### AIM OF THE TASK:
In this exercise, print only the lines of the records below from the one with "배우 성현아, 신우신염" through the one with "El kirchnerismo llama a bancar al Gobierno", inclusive. Pictures are not part of the copy.

### SUPPLIED MATERIAL:
::::

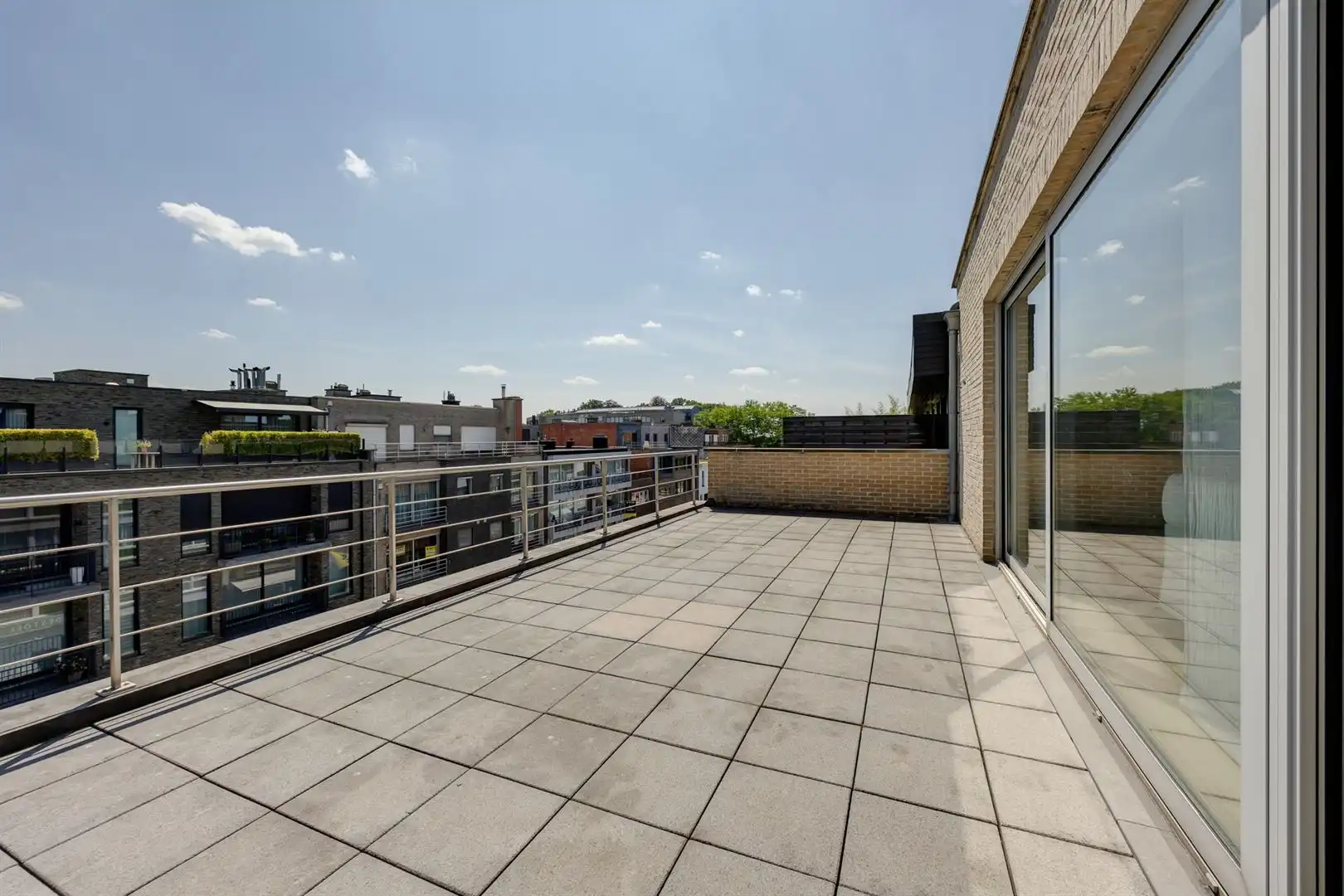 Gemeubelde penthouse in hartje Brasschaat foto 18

::::

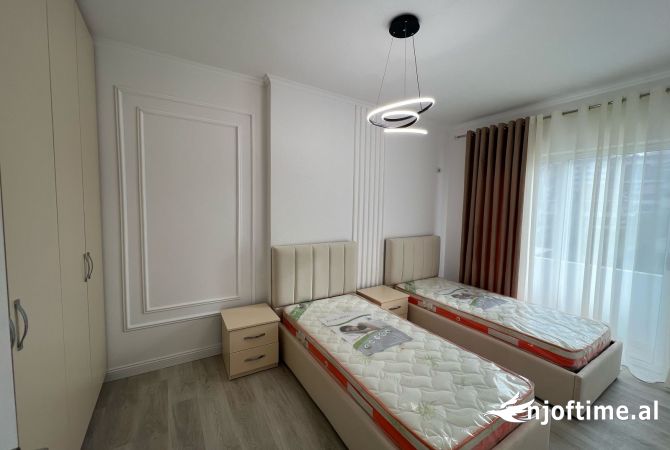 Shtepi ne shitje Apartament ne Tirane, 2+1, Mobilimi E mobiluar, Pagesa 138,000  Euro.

::::

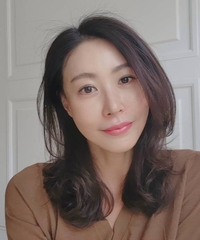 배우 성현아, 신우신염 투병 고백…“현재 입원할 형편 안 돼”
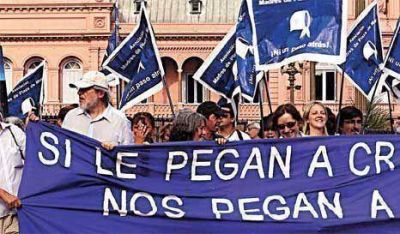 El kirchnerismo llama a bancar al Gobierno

::::

### RESPONSE TO THIS EXERCISE:
 배우 성현아, 신우신염 투병 고백…“현재 입원할 형편 안 돼”
 El kirchnerismo llama a bancar al Gobierno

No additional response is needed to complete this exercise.